State minister for defense says preliminary probe shows deadly suicide bombings in Sri Lanka that killed over 300 people were revenge for March assaults on New Zealand mosques

A view of St. Sebastian's Church damaged in blast in Negombo, north of Colombo, Sri Lanka, April 21, 2019 hit by one of eight blasts that rocked churches and hotels in and just outside of Sri Lanka's capital on Easter Sunday. (AP/Chamila Karunarathne)
A view of St. Sebastian's Church damaged in blast in Negombo, north of Colombo, Sri Lanka, April 21, 2019 hit by one of eight blasts that rocked churches and hotels in and just outside of Sri Lanka's capital on Easter Sunday. (AP/Chamila Karunarathne)

An initial probe into deadly suicide bomb attacks in Sri Lanka that killed more than 300 people shows it was “retaliation for Christchurch,” the country’s deputy defense minister said Tuesday.

“The preliminary investigations have revealed that what happened in Sri Lanka (on Sunday) was in retaliation for the attack against Muslims in Christchurch,” state minister of defense Ruwan Wijewardene told parliament.

According to the Guardian, one of the suspects in the bombings uploaded “extremist content” to social media in the wake of the March attacks in New Zealand. However, terror experts told the newspaper that the Sri Lanka attacks would have taken months of planning.

Wijewardene said investigations showed that a local group called National Thowheeth Jama’ath (NTJ) was behind the attack and was linked to a little-known radical Islamist group in India.

“This National Thowheeth Jama’ath group which carried out the attacks had close links with JMI it has now been revealed,” Wijewardene told parliament, in an apparent reference to a group known as Jamaat-ul-Mujahideen India.

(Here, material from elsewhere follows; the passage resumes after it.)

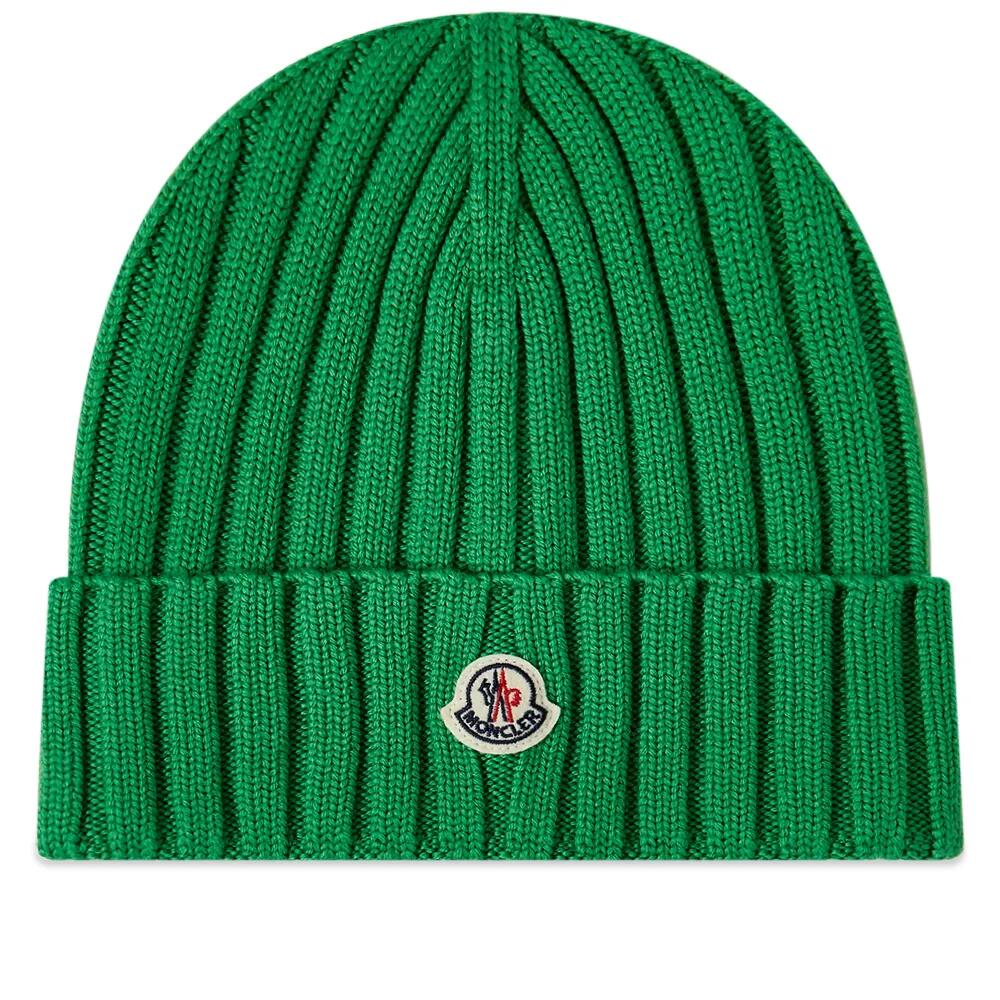 Moncler Women's Logo Beanie Hat in Green Cover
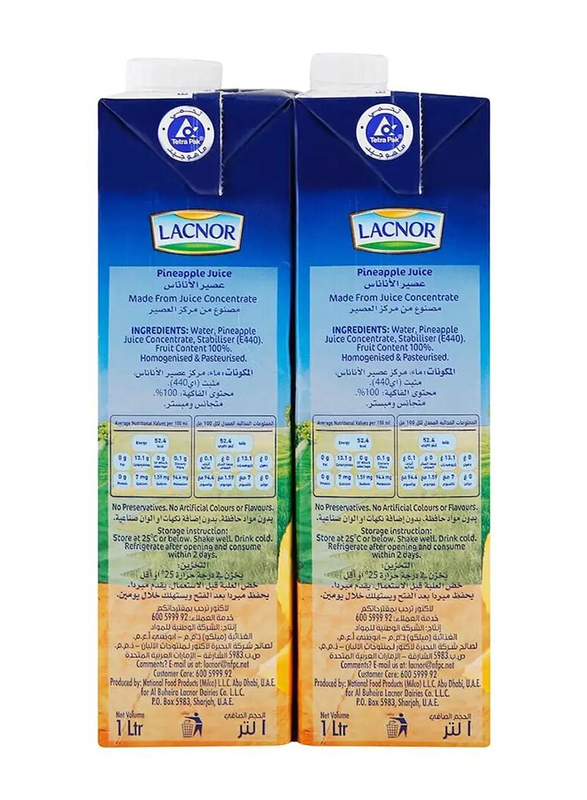 Lacnor Es Pineapple - 4 x 1 Ltr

Residents pay respects by placing flowers for the victims of the mosques attacks at the Botanical Garden in Christchurch on March 16, 2019. (TESSA BURROWS / AFP)

Fifty people were killed in shooting attacks on two mosques in the New Zealand city of Christchurch on March 15.

Australian Brenton Harrison Tarrant, 28, has been charged with murder in the Christchurch attacks. In a rambling “manifesto,” the gunman had said he was motivated partly by a desire to stoke a violent response from Muslims and a religious war between Islam and the West.

Security camera footage released late Monday showed a suspected suicide bomber entering a church in Sri Lanka’s Negombo with a backpack moments before the blast rocked the building, killing throngs of Easter worshipers inside.

As a state of emergency took effect Tuesday giving the Sri Lankan military wartime powers, police had arrested 40 suspects, reportedly including one Syrian national and the driver of a van allegedly used by suicide bombers involved in the deadly bombings, as well as the owner of a house where some of them lived, officials said.

Security personnel stand guard outside St. Anthony’s Shrine in Colombo on April 22, 2019, a day after the church was hit in a series of bomb blasts targeting churches and luxury hotels in Sri Lanka. (Jewel SAMAD / AFP)

The death toll from Sunday’s attacks rose to 310, police spokesman Ruwan Gunasekara said.

On Tuesday, which President Maithripala Sirisena declared a day of mourning, Sri Lankan authorities planned to brief foreign diplomats and receive assistance from the FBI and other foreign intelligence-gathering agencies after officials disclosed Monday that warnings had been received weeks ago of the possibility of an attack by the radical Muslim group blamed for the bloodshed.

The six near-simultaneous attacks on three churches and three luxury hotels and three related blasts later Sunday were the South Asian island nation’s deadliest violence in a decade.